** EXERCISE DESCRIPTION **
Across the whole listing, return each line exactly, with no images included.

+ + + + + + +

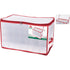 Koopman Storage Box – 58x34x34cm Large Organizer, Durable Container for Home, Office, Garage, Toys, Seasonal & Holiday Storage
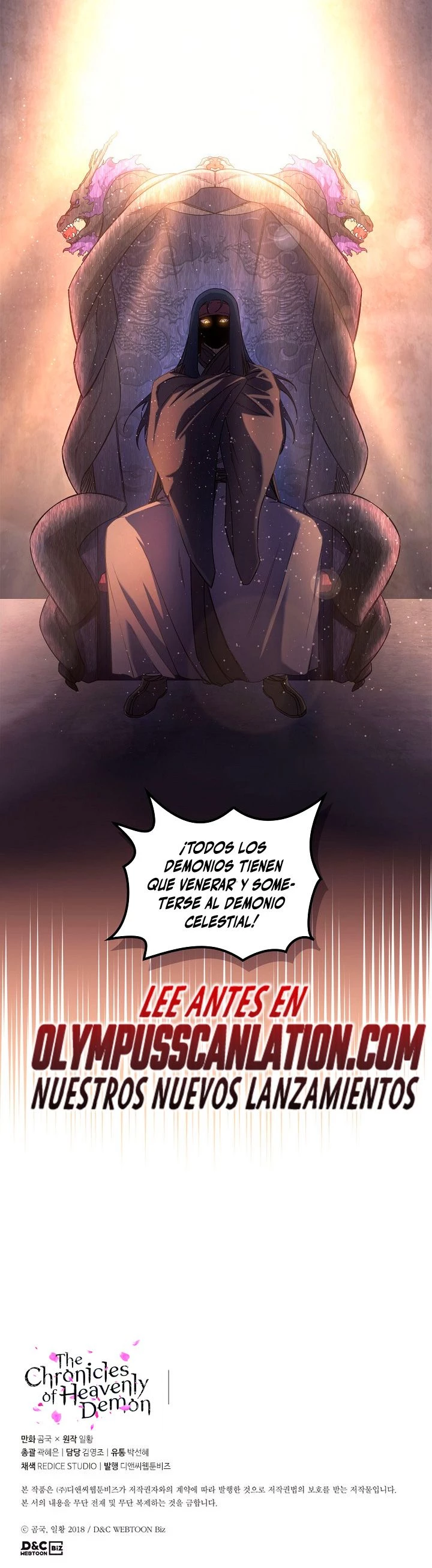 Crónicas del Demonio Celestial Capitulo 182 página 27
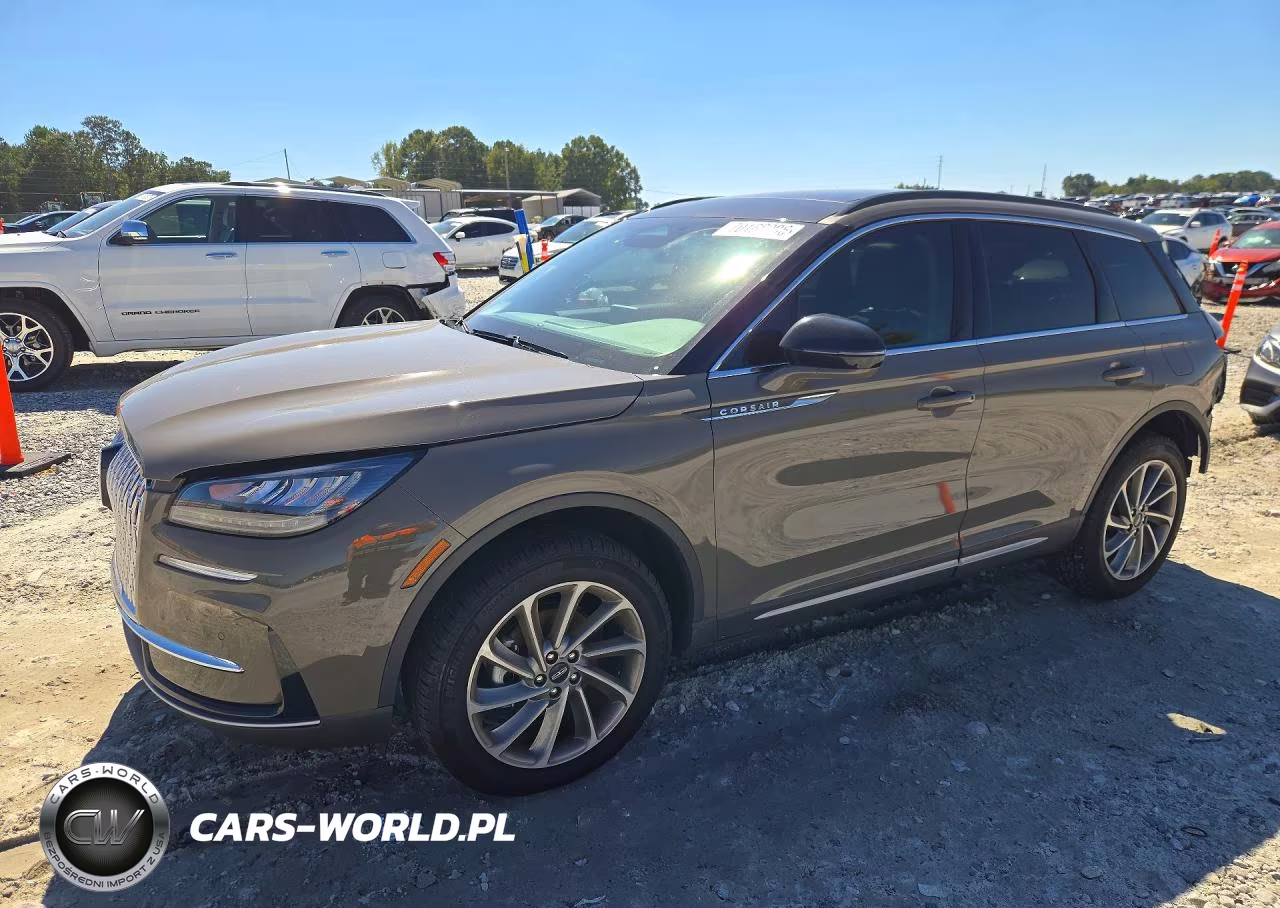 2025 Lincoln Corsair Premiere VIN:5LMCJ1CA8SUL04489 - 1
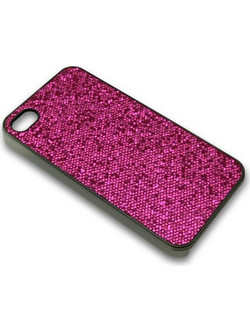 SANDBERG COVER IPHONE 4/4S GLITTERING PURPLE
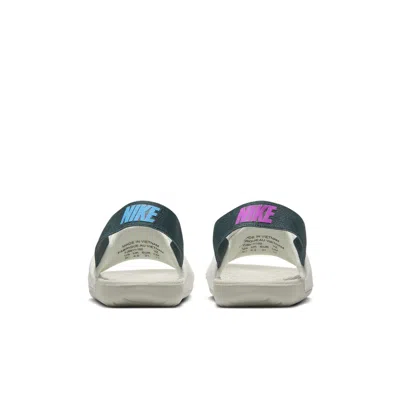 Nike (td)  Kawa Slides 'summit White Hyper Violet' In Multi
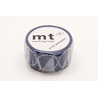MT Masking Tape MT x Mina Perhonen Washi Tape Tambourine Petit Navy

+ + + + + + +

** ANSWER SECTION **
 Koopman Storage Box – 58x34x34cm Large Organizer, Durable Container for Home, Office, Garage, Toys, Seasonal & Holiday Storage
 Crónicas del Demonio Celestial Capitulo 182 página 27
 2025 Lincoln Corsair Premiere VIN:5LMCJ1CA8SUL04489 - 1
 SANDBERG COVER IPHONE 4/4S GLITTERING PURPLE
 Nike (td)  Kawa Slides 'summit White Hyper Violet' In Multi
MT Masking Tape MT x Mina Perhonen Washi Tape Tambourine Petit Navy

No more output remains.